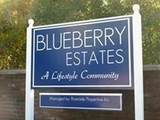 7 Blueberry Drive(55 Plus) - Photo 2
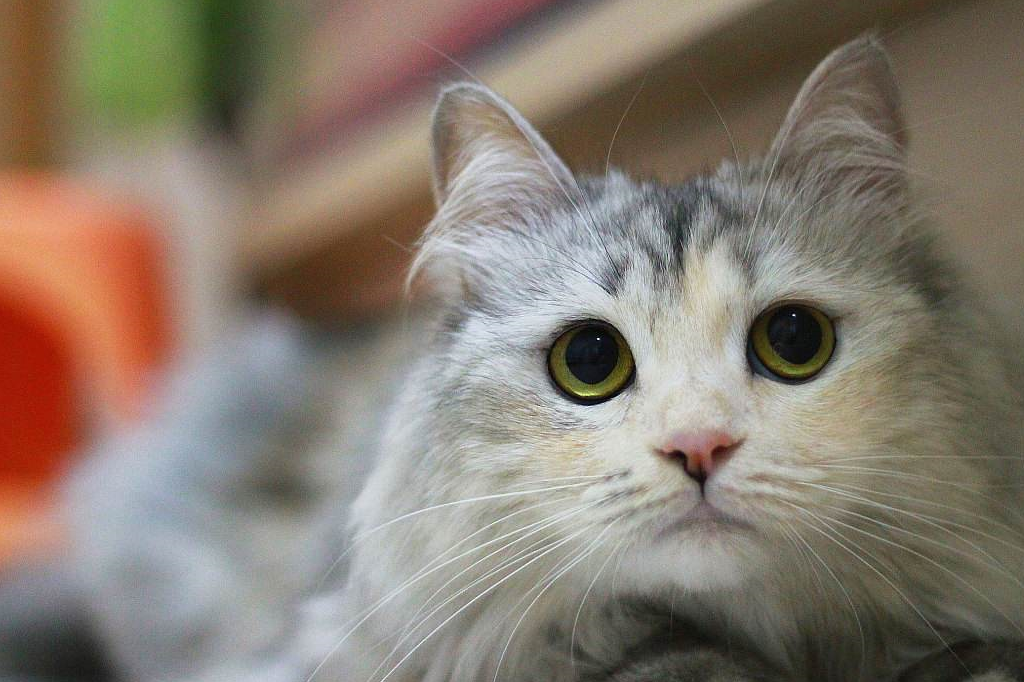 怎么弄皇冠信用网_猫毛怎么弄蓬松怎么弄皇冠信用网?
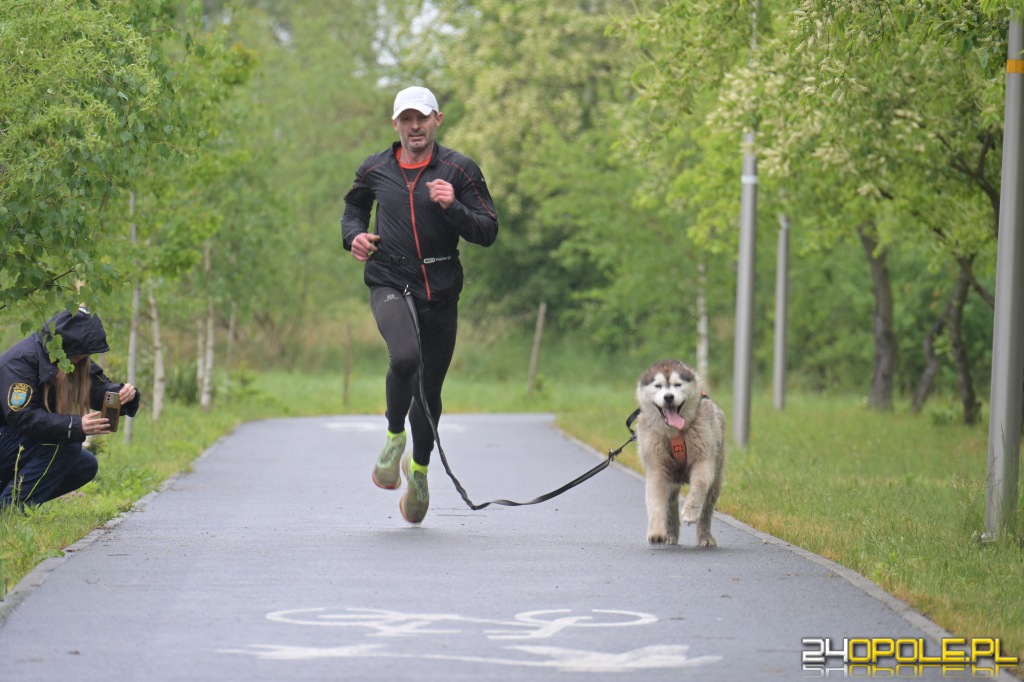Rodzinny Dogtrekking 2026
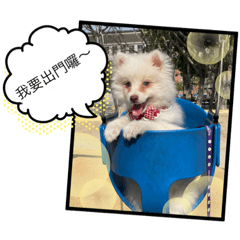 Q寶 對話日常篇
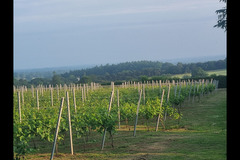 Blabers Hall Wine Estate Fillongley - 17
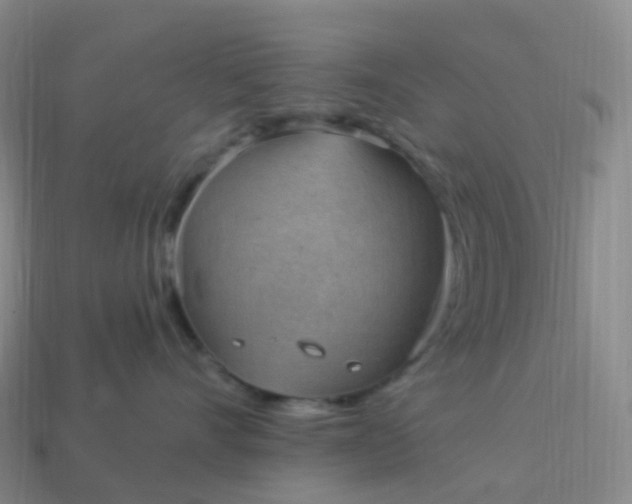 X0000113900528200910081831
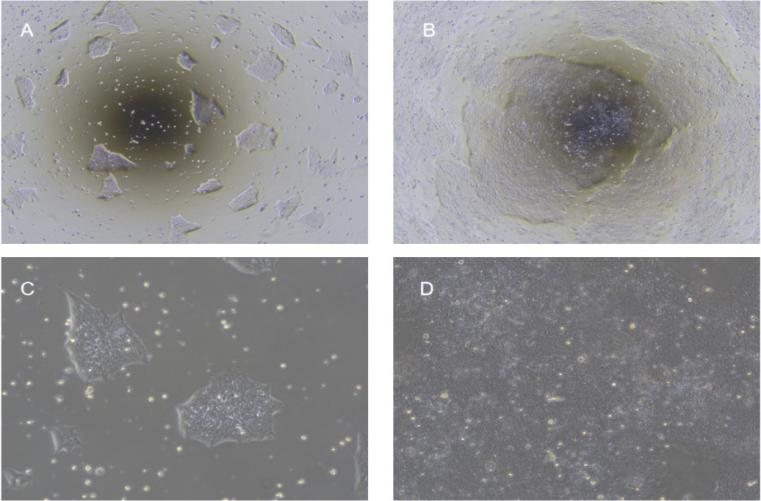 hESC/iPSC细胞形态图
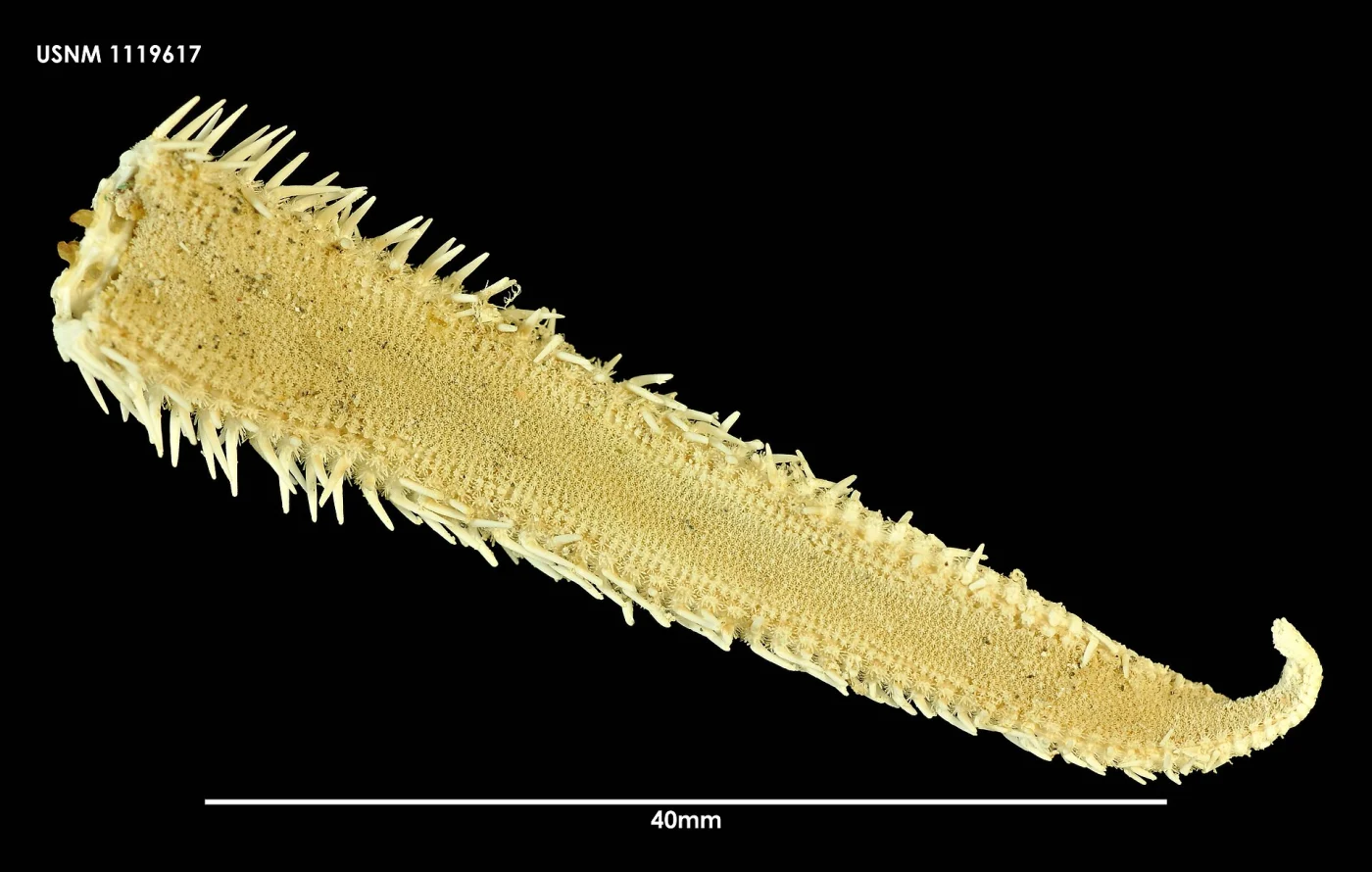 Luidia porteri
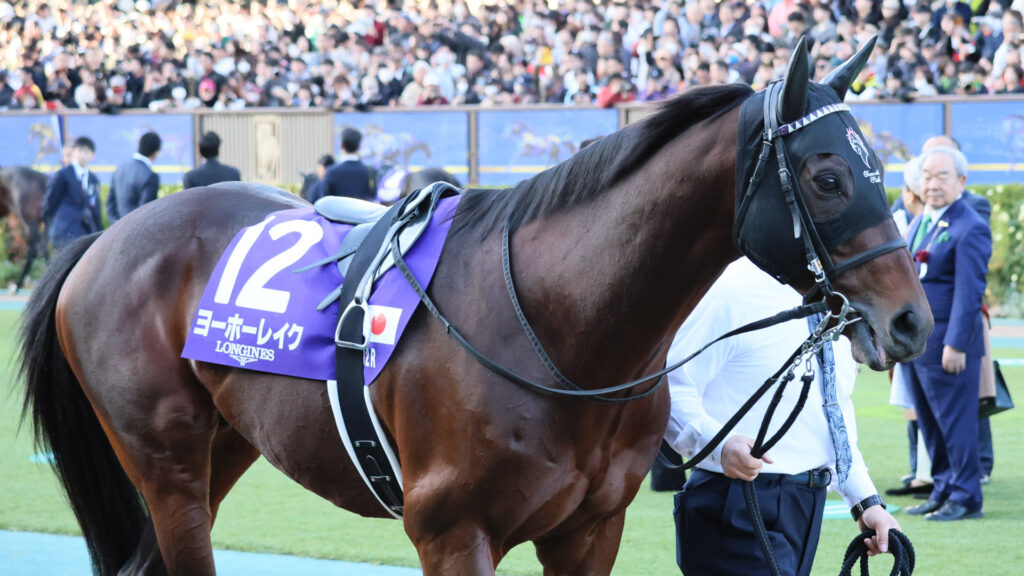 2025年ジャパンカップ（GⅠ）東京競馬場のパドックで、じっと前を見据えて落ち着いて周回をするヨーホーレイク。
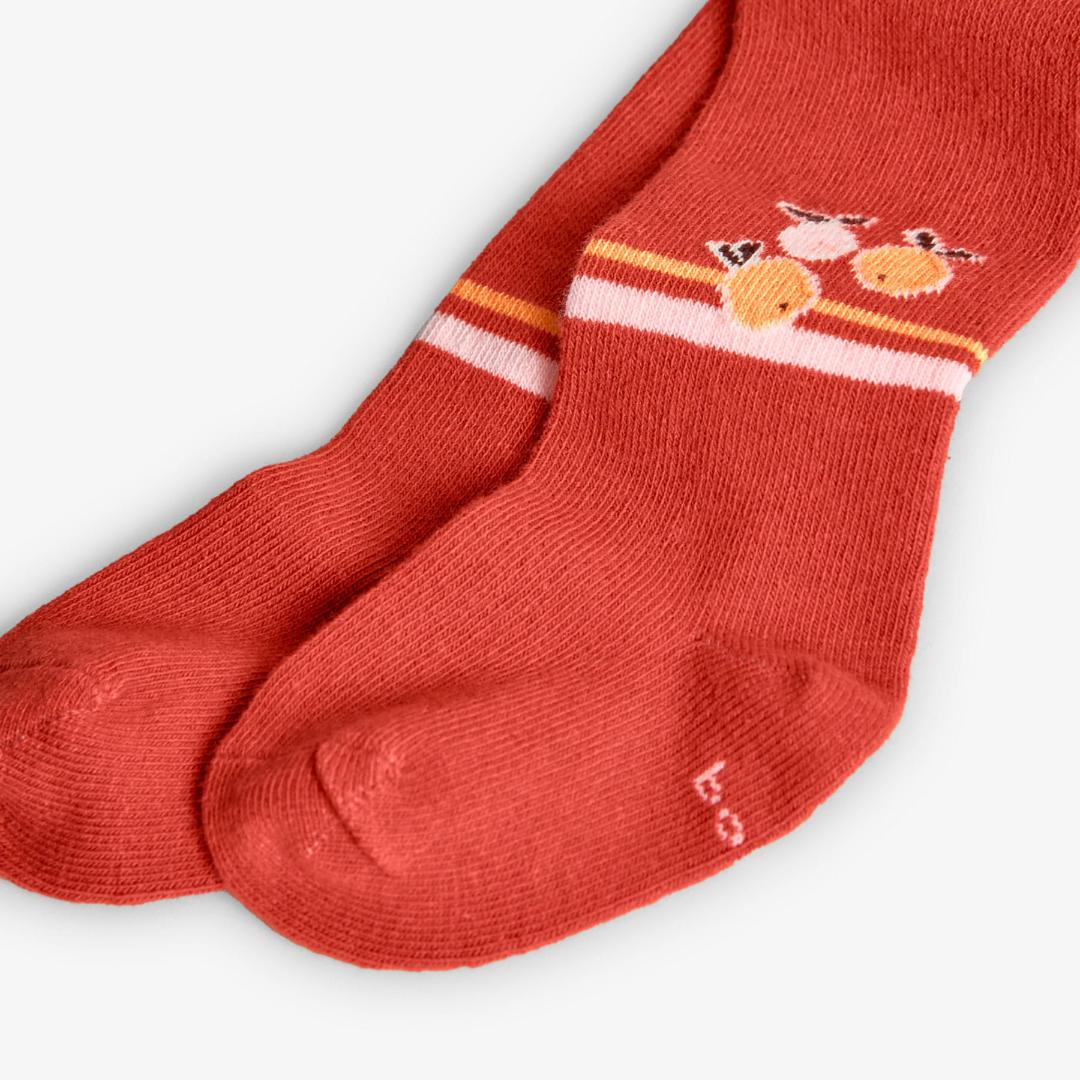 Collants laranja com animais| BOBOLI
━━━
Return exactly, and only, the lines that run from the line containing "Blabers Hall Wine Estate Fillongley - 17" to the last line of the entries above, both ends included, with pictures left out.

RESULT OF THE TASK:
 Blabers Hall Wine Estate Fillongley - 17
 X0000113900528200910081831
 hESC/iPSC细胞形态图
 Luidia porteri
 2025年ジャパンカップ（GⅠ）東京競馬場のパドックで、じっと前を見据えて落ち着いて周回をするヨーホーレイク。
 Collants laranja com animais| BOBOLI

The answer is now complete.